Your instructions
Look through the records below for the line holding "Read Psychometer: Fragmented". Write it out exactly, with each following line through the line holding "Samsung Galaxy S26 Ultra NIVOpure Namaste".

Exercise material

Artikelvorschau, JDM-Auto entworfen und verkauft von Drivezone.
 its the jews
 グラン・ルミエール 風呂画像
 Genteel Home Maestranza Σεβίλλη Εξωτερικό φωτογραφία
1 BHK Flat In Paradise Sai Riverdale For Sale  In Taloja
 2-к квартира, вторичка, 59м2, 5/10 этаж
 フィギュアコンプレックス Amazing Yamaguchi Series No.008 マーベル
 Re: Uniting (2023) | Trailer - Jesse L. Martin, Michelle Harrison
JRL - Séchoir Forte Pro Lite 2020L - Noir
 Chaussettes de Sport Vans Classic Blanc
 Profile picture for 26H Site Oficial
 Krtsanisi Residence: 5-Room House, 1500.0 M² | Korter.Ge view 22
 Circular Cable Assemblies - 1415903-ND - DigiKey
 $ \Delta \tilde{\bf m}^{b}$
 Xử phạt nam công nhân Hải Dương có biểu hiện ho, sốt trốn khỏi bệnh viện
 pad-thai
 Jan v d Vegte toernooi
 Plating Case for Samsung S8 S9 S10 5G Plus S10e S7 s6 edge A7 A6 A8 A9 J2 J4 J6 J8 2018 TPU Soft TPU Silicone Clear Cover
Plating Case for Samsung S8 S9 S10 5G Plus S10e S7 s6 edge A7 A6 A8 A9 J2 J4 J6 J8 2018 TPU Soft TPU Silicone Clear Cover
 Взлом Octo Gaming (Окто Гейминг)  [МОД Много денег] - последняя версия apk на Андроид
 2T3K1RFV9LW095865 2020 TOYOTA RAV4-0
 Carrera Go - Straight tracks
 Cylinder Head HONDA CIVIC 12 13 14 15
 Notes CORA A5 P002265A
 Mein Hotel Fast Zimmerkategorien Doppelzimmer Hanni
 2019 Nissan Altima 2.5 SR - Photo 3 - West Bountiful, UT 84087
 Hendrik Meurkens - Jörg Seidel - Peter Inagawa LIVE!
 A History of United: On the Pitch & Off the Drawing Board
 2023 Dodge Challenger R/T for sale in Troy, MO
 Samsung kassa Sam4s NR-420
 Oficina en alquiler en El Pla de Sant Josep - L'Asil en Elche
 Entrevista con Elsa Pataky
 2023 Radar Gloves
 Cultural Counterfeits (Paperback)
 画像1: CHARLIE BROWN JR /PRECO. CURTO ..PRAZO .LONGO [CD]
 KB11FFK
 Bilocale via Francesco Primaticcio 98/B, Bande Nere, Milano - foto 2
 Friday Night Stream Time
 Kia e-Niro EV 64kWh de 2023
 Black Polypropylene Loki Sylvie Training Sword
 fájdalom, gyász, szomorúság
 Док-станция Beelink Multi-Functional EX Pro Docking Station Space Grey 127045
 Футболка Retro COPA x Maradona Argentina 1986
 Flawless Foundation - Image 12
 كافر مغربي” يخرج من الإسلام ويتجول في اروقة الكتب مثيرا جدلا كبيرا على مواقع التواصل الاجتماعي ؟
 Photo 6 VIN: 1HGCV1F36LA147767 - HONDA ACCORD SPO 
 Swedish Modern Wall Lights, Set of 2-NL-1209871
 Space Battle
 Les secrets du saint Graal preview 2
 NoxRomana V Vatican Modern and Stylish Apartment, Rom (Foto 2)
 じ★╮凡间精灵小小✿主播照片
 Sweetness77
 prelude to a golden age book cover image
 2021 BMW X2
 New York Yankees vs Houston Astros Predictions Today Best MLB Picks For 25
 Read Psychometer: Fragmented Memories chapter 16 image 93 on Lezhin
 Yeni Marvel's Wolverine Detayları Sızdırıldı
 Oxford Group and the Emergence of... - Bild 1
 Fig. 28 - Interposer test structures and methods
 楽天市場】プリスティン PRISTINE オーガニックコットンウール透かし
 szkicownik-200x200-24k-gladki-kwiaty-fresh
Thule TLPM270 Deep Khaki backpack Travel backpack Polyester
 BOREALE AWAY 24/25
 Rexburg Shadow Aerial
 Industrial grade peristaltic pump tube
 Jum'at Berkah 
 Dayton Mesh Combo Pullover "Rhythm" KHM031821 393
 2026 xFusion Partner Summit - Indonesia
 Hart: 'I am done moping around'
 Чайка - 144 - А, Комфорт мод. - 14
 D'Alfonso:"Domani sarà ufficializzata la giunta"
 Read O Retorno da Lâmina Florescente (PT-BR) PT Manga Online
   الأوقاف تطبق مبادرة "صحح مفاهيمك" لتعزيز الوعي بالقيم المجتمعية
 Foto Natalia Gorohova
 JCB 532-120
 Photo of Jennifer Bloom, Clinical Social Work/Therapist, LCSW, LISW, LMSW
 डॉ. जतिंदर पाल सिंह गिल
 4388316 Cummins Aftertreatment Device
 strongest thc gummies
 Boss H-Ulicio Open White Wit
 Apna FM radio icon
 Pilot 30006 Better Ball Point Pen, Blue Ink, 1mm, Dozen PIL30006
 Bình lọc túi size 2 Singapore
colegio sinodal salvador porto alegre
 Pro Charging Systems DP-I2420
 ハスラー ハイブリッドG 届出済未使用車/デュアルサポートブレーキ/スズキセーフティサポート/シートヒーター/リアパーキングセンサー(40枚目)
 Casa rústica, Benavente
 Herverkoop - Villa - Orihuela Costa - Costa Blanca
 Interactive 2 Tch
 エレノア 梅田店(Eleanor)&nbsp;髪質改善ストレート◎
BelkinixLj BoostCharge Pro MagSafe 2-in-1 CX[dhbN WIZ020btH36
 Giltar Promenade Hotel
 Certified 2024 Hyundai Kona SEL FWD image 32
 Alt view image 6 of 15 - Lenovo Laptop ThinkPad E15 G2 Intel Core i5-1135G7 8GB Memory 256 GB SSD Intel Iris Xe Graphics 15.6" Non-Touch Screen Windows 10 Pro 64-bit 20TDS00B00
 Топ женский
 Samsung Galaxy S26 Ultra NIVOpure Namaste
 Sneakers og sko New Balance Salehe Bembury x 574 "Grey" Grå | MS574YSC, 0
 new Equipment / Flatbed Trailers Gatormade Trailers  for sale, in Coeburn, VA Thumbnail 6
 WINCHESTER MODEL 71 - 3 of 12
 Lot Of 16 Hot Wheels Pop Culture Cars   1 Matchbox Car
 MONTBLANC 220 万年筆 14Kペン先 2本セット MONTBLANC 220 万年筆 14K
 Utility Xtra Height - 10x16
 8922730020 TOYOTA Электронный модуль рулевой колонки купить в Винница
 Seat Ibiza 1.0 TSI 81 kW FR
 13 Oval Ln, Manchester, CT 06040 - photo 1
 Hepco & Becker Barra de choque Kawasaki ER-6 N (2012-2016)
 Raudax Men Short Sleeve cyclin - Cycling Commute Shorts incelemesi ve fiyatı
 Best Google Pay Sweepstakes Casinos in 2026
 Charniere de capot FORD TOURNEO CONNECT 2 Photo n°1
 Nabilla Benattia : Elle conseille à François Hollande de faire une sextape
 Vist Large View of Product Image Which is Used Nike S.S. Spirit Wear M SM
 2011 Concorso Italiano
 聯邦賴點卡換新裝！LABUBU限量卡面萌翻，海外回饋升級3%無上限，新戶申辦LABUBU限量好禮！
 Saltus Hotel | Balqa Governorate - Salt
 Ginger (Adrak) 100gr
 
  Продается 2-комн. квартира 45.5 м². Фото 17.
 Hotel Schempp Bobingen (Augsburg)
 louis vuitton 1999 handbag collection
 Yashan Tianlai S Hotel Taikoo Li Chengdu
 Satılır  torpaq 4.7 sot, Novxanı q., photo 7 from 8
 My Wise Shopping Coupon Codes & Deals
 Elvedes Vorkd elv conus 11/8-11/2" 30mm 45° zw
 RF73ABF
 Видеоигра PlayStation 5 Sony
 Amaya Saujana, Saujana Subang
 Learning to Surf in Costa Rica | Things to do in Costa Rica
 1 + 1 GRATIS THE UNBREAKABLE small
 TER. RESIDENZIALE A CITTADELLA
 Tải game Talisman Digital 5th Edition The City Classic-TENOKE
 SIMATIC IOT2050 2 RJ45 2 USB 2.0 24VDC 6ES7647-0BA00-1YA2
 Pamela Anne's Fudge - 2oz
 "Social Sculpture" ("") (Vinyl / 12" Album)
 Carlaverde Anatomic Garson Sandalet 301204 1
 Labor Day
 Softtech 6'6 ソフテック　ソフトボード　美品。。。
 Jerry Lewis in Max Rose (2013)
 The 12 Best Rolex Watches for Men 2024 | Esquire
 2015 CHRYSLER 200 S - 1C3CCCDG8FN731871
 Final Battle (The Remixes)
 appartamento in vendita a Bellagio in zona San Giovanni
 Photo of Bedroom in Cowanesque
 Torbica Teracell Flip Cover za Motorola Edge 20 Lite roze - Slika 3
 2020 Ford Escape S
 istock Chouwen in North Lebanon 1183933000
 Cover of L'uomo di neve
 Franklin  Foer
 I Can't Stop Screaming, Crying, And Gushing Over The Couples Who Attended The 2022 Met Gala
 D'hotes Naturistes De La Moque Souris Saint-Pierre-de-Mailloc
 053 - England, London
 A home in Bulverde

Expected output
 Read Psychometer: Fragmented Memories chapter 16 image 93 on Lezhin
 Yeni Marvel's Wolverine Detayları Sızdırıldı
 Oxford Group and the Emergence of... - Bild 1
 Fig. 28 - Interposer test structures and methods
 楽天市場】プリスティン PRISTINE オーガニックコットンウール透かし
 szkicownik-200x200-24k-gladki-kwiaty-fresh
Thule TLPM270 Deep Khaki backpack Travel backpack Polyester
 BOREALE AWAY 24/25
 Rexburg Shadow Aerial
 Industrial grade peristaltic pump tube
 Jum'at Berkah 
 Dayton Mesh Combo Pullover "Rhythm" KHM031821 393
 2026 xFusion Partner Summit - Indonesia
 Hart: 'I am done moping around'
 Чайка - 144 - А, Комфорт мод. - 14
 D'Alfonso:"Domani sarà ufficializzata la giunta"
 Read O Retorno da Lâmina Florescente (PT-BR) PT Manga Online
   الأوقاف تطبق مبادرة "صحح مفاهيمك" لتعزيز الوعي بالقيم المجتمعية
 Foto Natalia Gorohova
 JCB 532-120
 Photo of Jennifer Bloom, Clinical Social Work/Therapist, LCSW, LISW, LMSW
 डॉ. जतिंदर पाल सिंह गिल
 4388316 Cummins Aftertreatment Device
 strongest thc gummies
 Boss H-Ulicio Open White Wit
 Apna FM radio icon
 Pilot 30006 Better Ball Point Pen, Blue Ink, 1mm, Dozen PIL30006
 Bình lọc túi size 2 Singapore
colegio sinodal salvador porto alegre
 Pro Charging Systems DP-I2420
 ハスラー ハイブリッドG 届出済未使用車/デュアルサポートブレーキ/スズキセーフティサポート/シートヒーター/リアパーキングセンサー(40枚目)
 Casa rústica, Benavente
 Herverkoop - Villa - Orihuela Costa - Costa Blanca
 Interactive 2 Tch
 エレノア 梅田店(Eleanor)&nbsp;髪質改善ストレート◎
BelkinixLj BoostCharge Pro MagSafe 2-in-1 CX[dhbN WIZ020btH36
 Giltar Promenade Hotel
 Certified 2024 Hyundai Kona SEL FWD image 32
 Alt view image 6 of 15 - Lenovo Laptop ThinkPad E15 G2 Intel Core i5-1135G7 8GB Memory 256 GB SSD Intel Iris Xe Graphics 15.6" Non-Touch Screen Windows 10 Pro 64-bit 20TDS00B00
 Топ женский
 Samsung Galaxy S26 Ultra NIVOpure Namaste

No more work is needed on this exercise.